63: Broader than microlending - helping people through crises, not just financing small businesses or education or whatever. Also modeling for the government how adequate emergency assistance would work.
I'd buy everyone a new onion for their belt.
Maybe the key is to invest in artificial intelligence. I used to doubt, but I just noticed that my calendar on my phone added a little icon of scissors and a comb when I put on my haircut appointment.
47 and 53 remind me of something Sudanese telcom billionaire Mo Ibrahim is actually doing, which is basically bribing African heads of state to leave office peacefully.
I'd dump it all on shitty schools. I'd figure out how much it'd cost to pay for, like, some extra social workers and psychologists and reading specialist and library books and librarian and computers and food, for like 15 or 20 years, and then see how many schools that would cover, and then pick some terrible schools and give them money (tied up in specific ways, but they could do the hiring buying and whatnot).

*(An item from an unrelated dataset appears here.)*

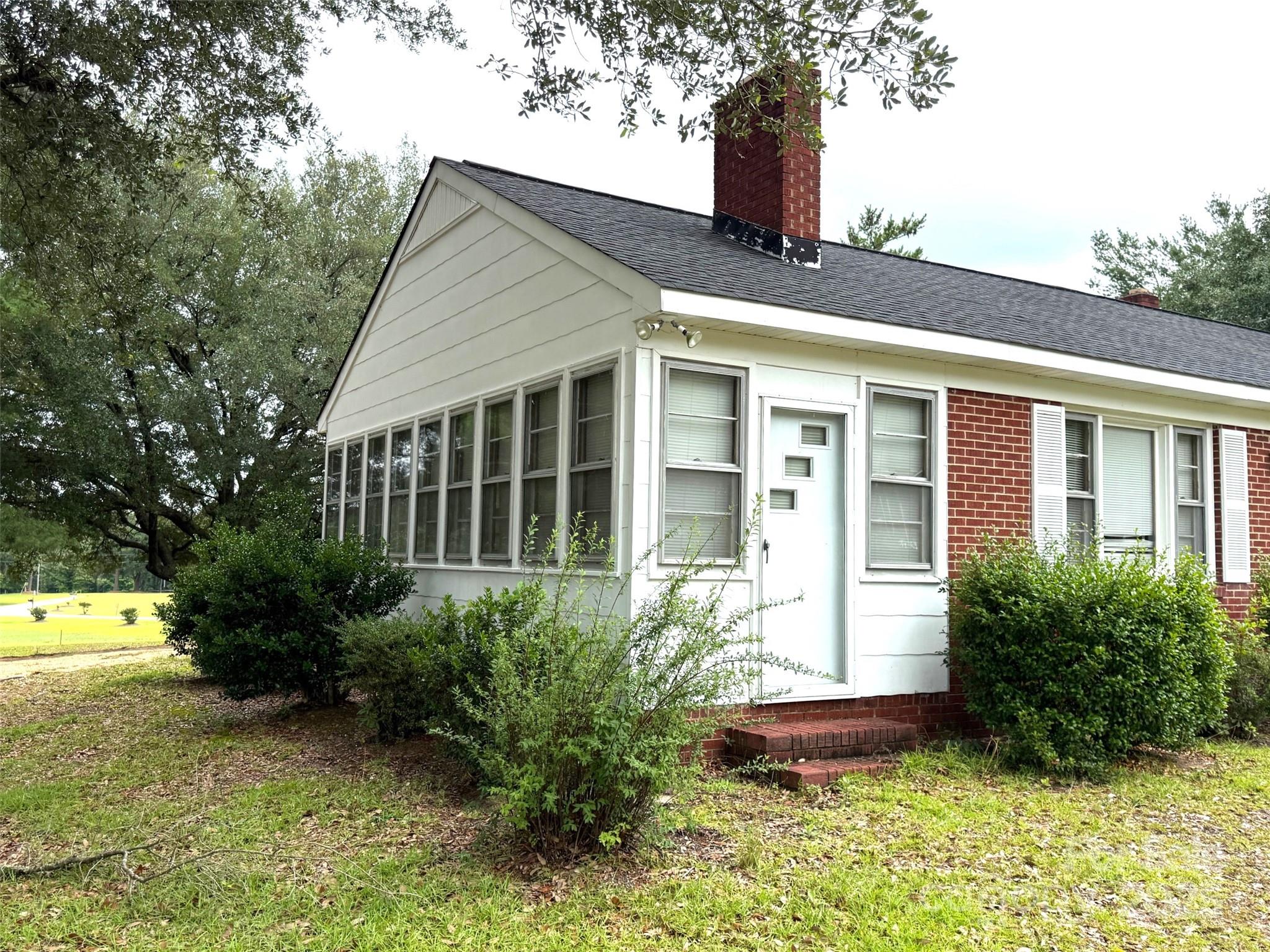 4463 Highway 52 Highway S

Archaeology! Bribe the Italians to start excavating Herculaneum seriously, bribe the museums to unroll their mummies and see what's on the papyrus, set Indiana Jones loose on the world -- or at any rate threaten the relevant governments with... aggressive freelance informal excavation if they don't get their rears in gear.
It wouldn't take 8 billion to double our corpus of classical texts, I'm guessing, and unlike the responsible well-intentioned stuff it would certainly make the world a happier place. And who knows what the hell might now be findable in the jungles of Central America? (Not that I haven't been complaining for years about the lack of an 'Assassinate Mugabe' Kickstarter campaign.)
39: that's an understandable caution. Seems to me there are a lot of stories assuming animus. Perhaps that soothes our vanity.
Maybe the otherwise baffling "humans as power sources" trope was from intentionally making humans necessary to the robots.
48: the man who would be a really nice king.
According to F Salmon, guest posting for K Drum, some portion would be well spent breaking the all-male lock on bitcoin. I assume he has elsewhere articulated a case for bitcoin solving a horrendous suite of ills that boil down to rent seeking by financial intermediaries and corrupt governments, but am mystified why he would think creating a parallel, private currency is an inherently better fix than tackling the issues directly.
According to F Salmon, guest posting for K Drum, some portion would be well spent breaking the all-male lock on bitcoin.
I read that differently. I don't think he says that expanding bitcoin is crucially important, only that if the bitcoin community remains all male it is less likely to be relevent (and therefore less likely to succeed). In other words, I believe that FS thinks that gender parity should be important to the bitcoin community, not necessarily a priority for everyone.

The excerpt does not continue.